Why is the Hilbert Cube homogeneous?

In Jan van Mill's books (infinite dimensional topology, a prerequisite; the infinite-dimensional topology of function spaces) there are complete self-contained proofs (starting from basic stuff about separable metric spaces) [in essence the same proof in both, but the second book is more recent so might be more readily available]. It is based on Anderson's proof of this, and uses the Inductive Convergence criterion, which states in essence that when (for compact metrisable $X$) $h_n$ is a sequence of homeomorphisms of $X$, there is a sequence of $\epsilon_n > 0$ such that if $d(h_n, 1_X) < \epsilon_n$, where $1_X$ is the identity on $X$, and $d$ is a complete distance on the space of homeomorphisms of $X$, that then the limit of $h_n \circ h_{n-1} \circ \ldots h_1$ as $n$ tends to infinity exists and is a homeomorphism of $X$. Also, each $\epsilon_n$ depends only on the $h_i$ with $i < n$. This allows one to construct homeomorphisms of compact metrisable spaces in a very controlled way. Note that a metric on the Hilbert cube is such that a movement in a high coordinate only contributes a very small amount to the distance, so we can push problems to higher and higher coordinates and "solve" them there by a sufficiently small movement. With this criterion the proof is just 2 pages or so.

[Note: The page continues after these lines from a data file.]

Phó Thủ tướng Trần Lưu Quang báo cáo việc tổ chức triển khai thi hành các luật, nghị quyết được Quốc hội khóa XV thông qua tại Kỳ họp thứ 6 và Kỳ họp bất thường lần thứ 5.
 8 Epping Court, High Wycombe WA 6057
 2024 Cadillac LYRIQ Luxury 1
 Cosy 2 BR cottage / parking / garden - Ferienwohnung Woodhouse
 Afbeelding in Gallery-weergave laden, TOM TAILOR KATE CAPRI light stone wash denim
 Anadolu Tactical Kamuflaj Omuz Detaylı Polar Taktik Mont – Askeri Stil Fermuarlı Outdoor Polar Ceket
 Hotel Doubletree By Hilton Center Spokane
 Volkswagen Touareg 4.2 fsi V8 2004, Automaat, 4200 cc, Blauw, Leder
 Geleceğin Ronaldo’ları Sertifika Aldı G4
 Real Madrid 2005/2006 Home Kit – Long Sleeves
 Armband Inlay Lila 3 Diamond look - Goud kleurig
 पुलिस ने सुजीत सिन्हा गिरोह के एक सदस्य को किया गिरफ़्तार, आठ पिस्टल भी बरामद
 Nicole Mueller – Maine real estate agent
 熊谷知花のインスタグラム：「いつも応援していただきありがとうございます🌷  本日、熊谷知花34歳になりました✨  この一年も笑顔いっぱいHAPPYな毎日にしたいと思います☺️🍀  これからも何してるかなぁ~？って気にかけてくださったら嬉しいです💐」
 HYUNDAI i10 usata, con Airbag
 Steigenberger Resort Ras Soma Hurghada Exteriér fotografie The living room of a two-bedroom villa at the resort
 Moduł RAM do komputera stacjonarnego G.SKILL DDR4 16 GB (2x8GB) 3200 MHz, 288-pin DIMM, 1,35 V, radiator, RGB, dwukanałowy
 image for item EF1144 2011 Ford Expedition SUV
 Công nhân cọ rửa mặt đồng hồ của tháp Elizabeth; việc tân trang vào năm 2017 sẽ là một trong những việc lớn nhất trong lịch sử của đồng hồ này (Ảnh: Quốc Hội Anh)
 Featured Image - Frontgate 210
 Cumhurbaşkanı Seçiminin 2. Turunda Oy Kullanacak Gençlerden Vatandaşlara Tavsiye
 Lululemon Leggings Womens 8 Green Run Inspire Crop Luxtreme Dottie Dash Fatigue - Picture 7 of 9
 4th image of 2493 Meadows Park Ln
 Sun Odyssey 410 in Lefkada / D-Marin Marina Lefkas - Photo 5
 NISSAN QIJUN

When I first saw the question, I intended to post the following link as an answer, but then I saw that Qiaochu had come first with an essentially equivalent answer. I still don't see anything lacking in his answer (I was the first to upvote it), but if someone is looking for a different reference, here is one:

http://www.narcis.info/publication/RecordID/oai:cwi.nl:7603